++++ RECORDS FOR THIS EXERCISE

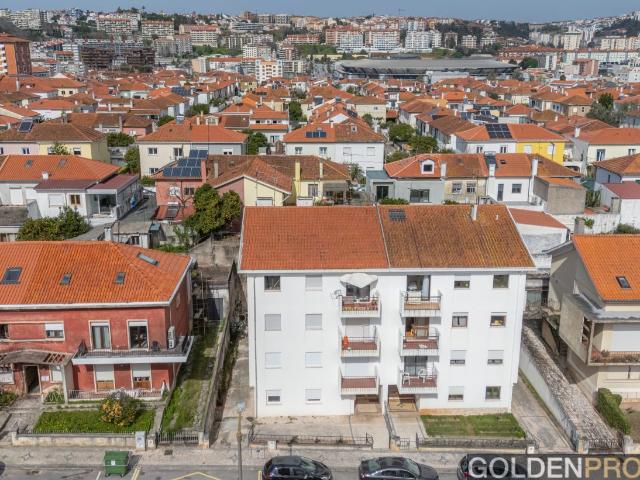 Apartamento venda em Coimbrã, Coimbra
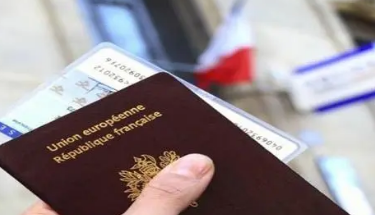 �й��̿������� ��Ҫ����������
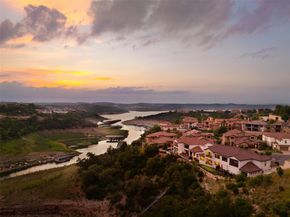 303 Marina View CT, Austin TX 78734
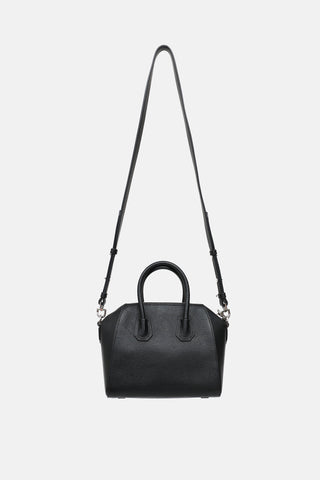 Givenchy Mini Antigona  Bag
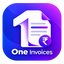 One Invoices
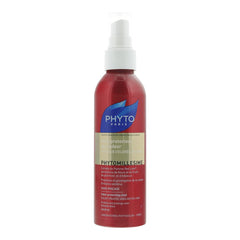 Phyto Phytomillesime Color-Protecting Mist 150ml Women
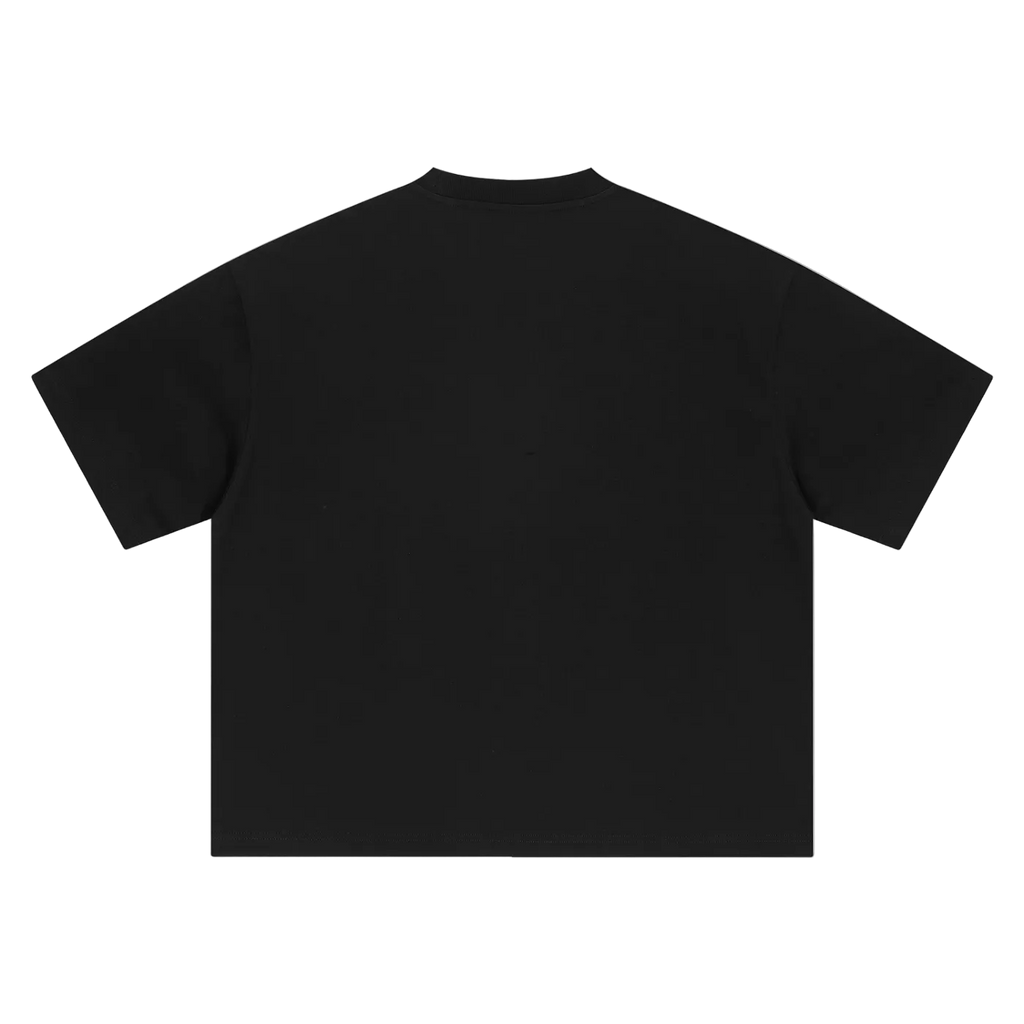 Tee,Core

++++++++

TASK OBJECTIVE => Except for the pictures, write the data out exactly.

EXERCISE SOLUTION =>
 Apartamento venda em Coimbrã, Coimbra
 �й��̿������� ��Ҫ����������
 303 Marina View CT, Austin TX 78734
 Givenchy Mini Antigona  Bag
 One Invoices
 Phyto Phytomillesime Color-Protecting Mist 150ml Women
 Tee,Core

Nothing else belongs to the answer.